Digitalisasi penggunaan QRIS belum merata di Indonesia, BI harus pastikan tak ada potongan biaya

Koridor.co.id

farzand01 / Shutterstock.com

Pemerintah melalui Kementerian Perdagangan (Kemendag) mendorong penggunaan pembayaran dengan metode QR Code atau Quick Response Code Indonesian Standard (QRIS) ke seluruh wilayah di Indonesia.

Hal itu disampaikan Wakil Menteri Perdagangan (Wamendag), Jerry Sambuaga saat meninjau pameran Festival Ekonomi Keuangan Digital Indonesia (FEKDI), Jakarta, Senin, 8 Mei 2023.

Hingga saat ini, kata Jerry, sudah ada 37 juta orang di seluruh Indonesia yang menggunakan metode pembayaran menggunakan QR Code/QRIS.

“Karena memang mayoritas pengguna QRIS ada di Pulau Jawa. Tentunya kami mendorong ini agar bisa ditetapkan di luar Pulau Jawa juga,” kata Jerry Sambuaga.
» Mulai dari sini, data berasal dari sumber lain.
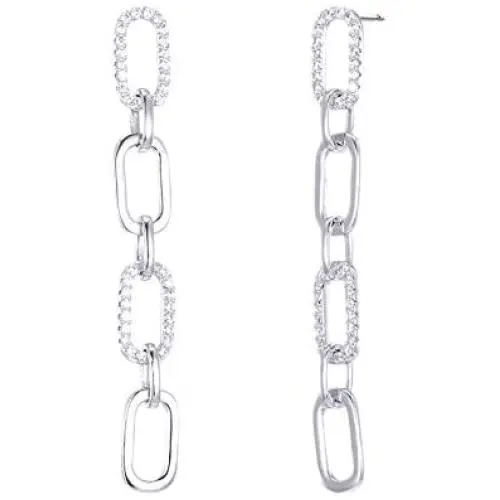 Pori Jewelers .925 Sterling Silver Alternating CZ Paperclip Earrings - Available in Silver or Yellow Color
Jerry Sambuaga melihat pembangunan dan pengembangan penggunaan QRIS akan merujuk ke Indonesia bagian timur. Oleh sebab itu, ia menegaskan, Kemendag siap mendukung pengembangan penggunaan QRIS di seluruh Tanah Air.

Dukungan Kemendag, dicontohkannya, terhadap penggunaan QRIS yakni melalui program digitalisasi pasar hingga 1.000 pasar per tahun. 

“Memang belum semua (pasar terdigitalisasi), tapi kalau pasar-pasar di beberapa daerah sudah mulai digitalisasi lewat QRIS. Jadi bayarnya tidak lagi pake tunai,” ujarnya.

Tak hanya persoalan pembayaran secara digital, program digitalisasi pasar juga terakses pada marketplace. Dengan mempertemukan penjual dengan pembeli tanpa harus bertemu secara fisik. 

“Hal seperti ini ada langkah-langkah yang mungkin terkesan sederhana tapi kami lakukan dalam rangka untuk mendukung digitalisasi,” ujar Jerry Sambuaga.

Direktur Eksekutif Center of Economic and Law Studies (Celios), Bhima Yudhistira, menilai ada banyak faktor yang membuat penggunaan QRIS masih belum merata di Indonesia sehingga penggunaannya belum maksimal.

“Jumlah pengguna QRIS belum maksimal, dan belum sebanyak e-wallet,” kata Bhima Yudhistira kepada Koridor, Senin, 8 Mei 2023. 

Menurut Bhima Yudhistira, faktor yang membuat penggunaan QRIS belum merata, pertama, keterbatasan infrastruktur. Dalam hal ini jaringan internet terutama di perdesaan dan wilayah luar Pulau Jawa.

Faktor kedua, edukasi. Bhima Yudhistira mengungkapkan untuk edukasi ini baik dari sisi pemilik toko atau usaha (merchant) dan juga konsumen. Selama ini, ada gap edukasi dari sisi pemilik toko. Misalnya, pemilik toko yang mungkin belum mendapatkan informasi tentang kemudahan QRIS. Kemudian, penggunaan QRIS dirasa terlalu rumit karena sebagian konsumen masih menggunakan pembayaran tunai. 

Sementara edukasi dari sisi konsumen, misalnya, penjual sudah menyediakan QRIS tapi konsumen masih memilih menggunakan uang kertas atau metode pembayaran lain. “Itu juga perlu diedukasi secara bertahap,” ujarnya.

Faktor ketiga, jeda waktu pembayaran. Menurut Bhima, banyak merchant yang mengaku ada jeda waktu dalam menerima pembayaran. 

“Jadi ketika mereka (konsumen) menggunakan pembayaran QRIS, ada jeda uang itu tidak langsung masuk ke rekening. Ada yang kemudian baru masuk hari berikutnya. Nah itu menyulitkan pembukuan dari merchant,” kata Bhima. 

Selain itu, ada juga merchant yang merasa ada potongan tambahan biaya administrasi. Bhima Yudhistira menegaskan, harusnya QRIS itu gratis tapi ada bank yang masih memunggut biaya yang dibebankan kepada pemilik toko.

“Banyak dari mereka menggunakan QRIS dan balik lagi sekarang menggunakan uang tunai atau alat pembayaran lainnya. Itu yang harusnya diselesaikan juga,” ujarnya.

Oleh sebab itu, pemerintah khususnya dalam hal ini Bank Indonesia (BI), harus memastikan dalam penggunaan pembayaran QRIS tidak dikenakan biaya administrasi atau potongan lain sehingga masyarakat dan pemilik usaha tertarik untuk menggunakan QRIS.